那时的地板还是水泥地,学着座位前面的同学,无论铅笔头是否被写秃了,都要时不时地弯下腰,在水泥地上斜斜地磨上两下。用秃了的铅笔头很快又变得尖锐,闪的黑亮的光芒。没有用秃也是要磨的,似乎只有这样,才能显示出自己在努力学习。
小时候的我常常是磨完了铅笔,又顺手把橡皮顶在牙齿上啃咬,这样无论是思考问题,还是听老师讲课都能“津津有味”。

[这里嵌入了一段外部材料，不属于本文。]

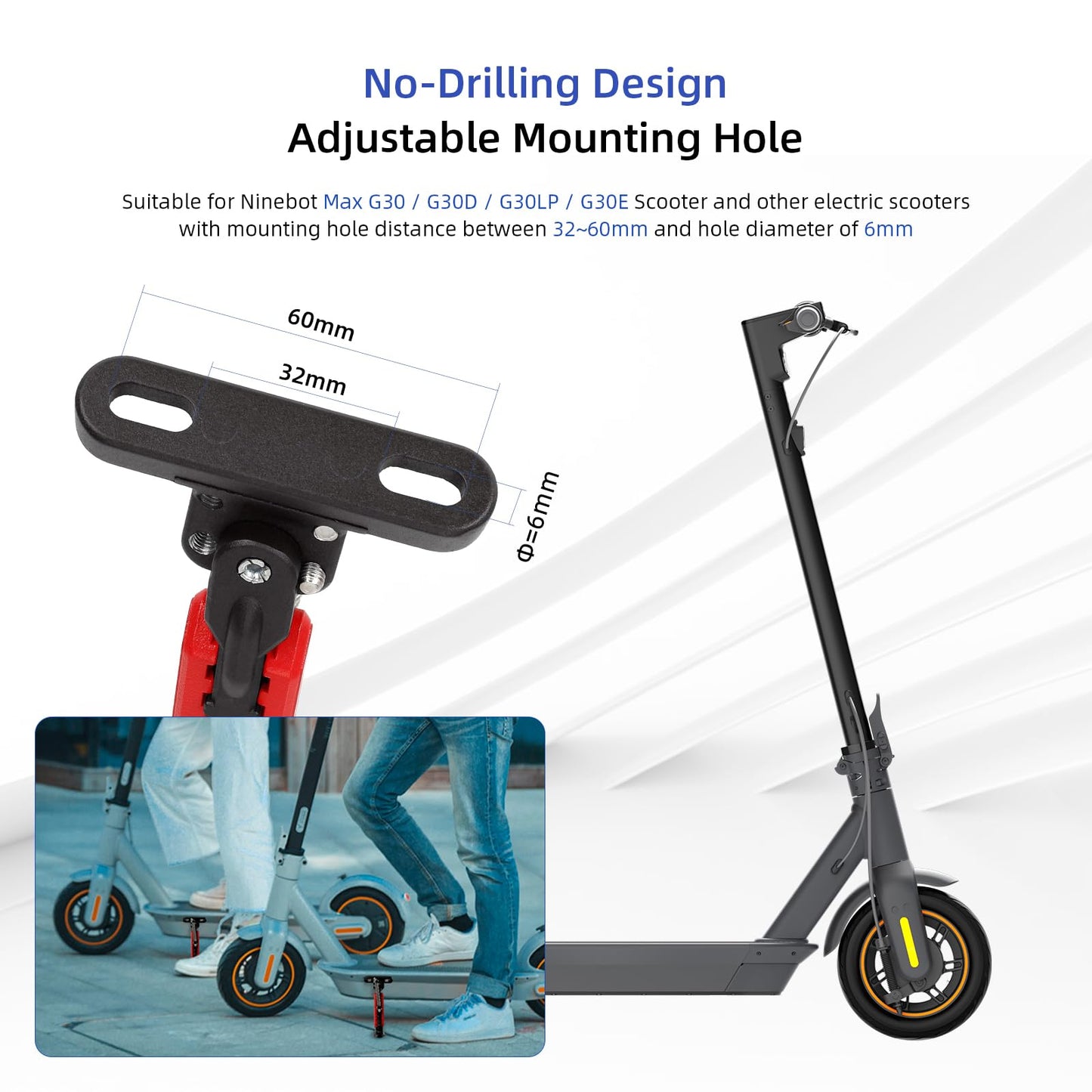 ulip Scooter Kickstand Parking Stand Feet Support Replacement Part Compatible for Ninebot Max G30/Max G30LP Electric Scooter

后来这个习惯被不时检查我功课的母亲发现了,母亲将我训斥一顿,然后为了“以绝后患”,干脆卸掉了我所有铅笔尾部的橡皮,还把两头都削成了尖尖的可供书写的铅笔尖儿。我遗憾地看着从削笔刀里削出的,带着波浪一样花纹的木材,深深为没有了磨牙的物件而懊恼。
不过,这难不倒我。只是可怜了我的手指甲。每每刚刚长出一点点,就被我用牙齿啃咬成锯齿状。为此母亲没少骂我。可这习惯似乎成了一种癖好,无论如何也改不掉。而且也只有这样,我才能集中注意力去做某件事,这是我在多年后发现的。
好在这种奇怪的癖好并未对旁人产生任何不良的影响,只是我养成了一思考就要吃东西毛病。随着年龄的增长,以及几次把手指甲咬出血的经历,我便放弃了对手指的蹂躏,寻找替代品。
甜品和口香糖伴随了我许多年,直到现在也还是。坐在家中读书写作时,常一手拿着甜点往嘴里送,一手奋笔疾书。这通常也导致一篇文章下来,大多数时间,我都会心满意足地打着饱嗝。且不论文章写得如何,至少,我吃饱了。
母亲见此情形也只好叹息:罢了,能吃是福。